Tan instructed Poo's wife to transfer 80 per cent of T-Data's shares to Wayne and this was done in September 2012.

Tan also attended meetings where the topic of interested person transactions was discussed, but did not reveal his son's shareholding in T-Data.

Tan incorporated another firm, S-Com Solutions (Hong Kong) Co Limited, in October 2005 and was its sole shareholder.

Trek 2000 and its subsidiaries entered into various transactions with S-Com HK in 2010, with a value exceeding US$1,1149,119 or the threshold of 3 per cent of the group's audited net tangible assets.

In total, there were six transactions made with a total value of US$882,256 between the group and S-Com HK in the financial year of 2010. 

However, Tan did not disclose these transactions to the group. The offences were discovered during investigations by the Commercial Affairs Department into separate offences committed by the management of T2000.

Poo was fined S$20,000 in June for his role in the offences.


Deputy Public Prosecutor Tan Ee Kuan asked for a fine of at least S$90,000, saying that Tan was more culpable than his co-accused Poo as he attended meetings where the issue of whether Trek 2000 had entered into any interested person transactions was raised and discussed.

He also saw statements where the phrase "no IPTs for the period under review" was included in meeting minutes and circulated to him, but did not disclose his son's shareholding.

Defence lawyer Daniel Cai of Drew & Napier asked instead for a fine of S$40,000, saying that his client's charges were "under the least culpable limbs" of the act.

He said Tan should receive "identical sentences" as his co-accused Poo because they were both senior executives.

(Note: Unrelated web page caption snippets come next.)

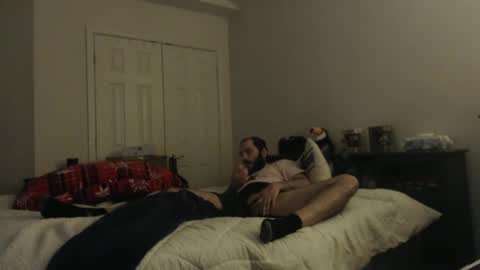 Snapshot of yourhighnessthis9inch chatting on 01/16/25, 03:23 Sh online show from 01/16/25, 03:23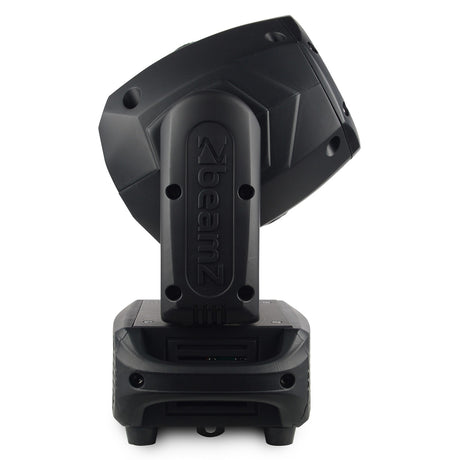 BeamZ Fuze75B LED Beam Moving Head 75W Moving Head met 2° Beam en 12 Kleuren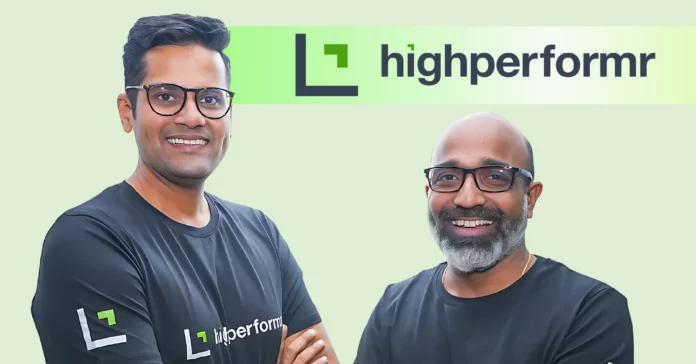 HighPerformr Secures $3.5 mn Seed Funding to Enhance AI Capabilities - Infomance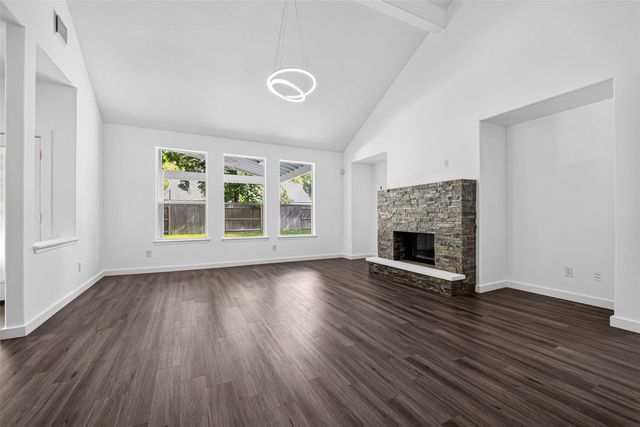 13403 Summer Villa Lane, Houston, TX 77044
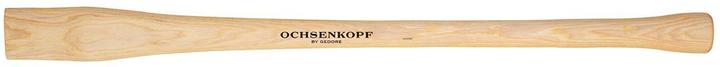 Ochsenkopf OX E-99 H-9000 Ersatzstiel, Hickory, Knauf, 900 mm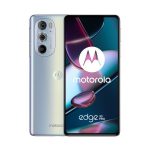 گوشی موتورولا Motorola Edge 30 Pro 256/12 فروشگاه اینترنتی گوگل کالا رنگ نقره ای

He added that Tan had entered a "timely plea of guilt" and did not have any personal gain from the transactions, which had been entered into "for the company's benefit".

Tan had also taken steps to immediately remedy procedures afterwards and has no prior convictions.

The judge agreed with prosecutors that Tan could be sentenced on a scale higher than that for Poo, noting that he faces more charges and has a higher degree of culpability.

Tan will return to court next month for other charges, mostly for falsification of accounts by making false entries in the company's financial statements.

He could have been jailed for up to seven years, fined up to S$250,000 or both for each charge of failing to disclose transactions by interested persons under the Securities and Futures Act.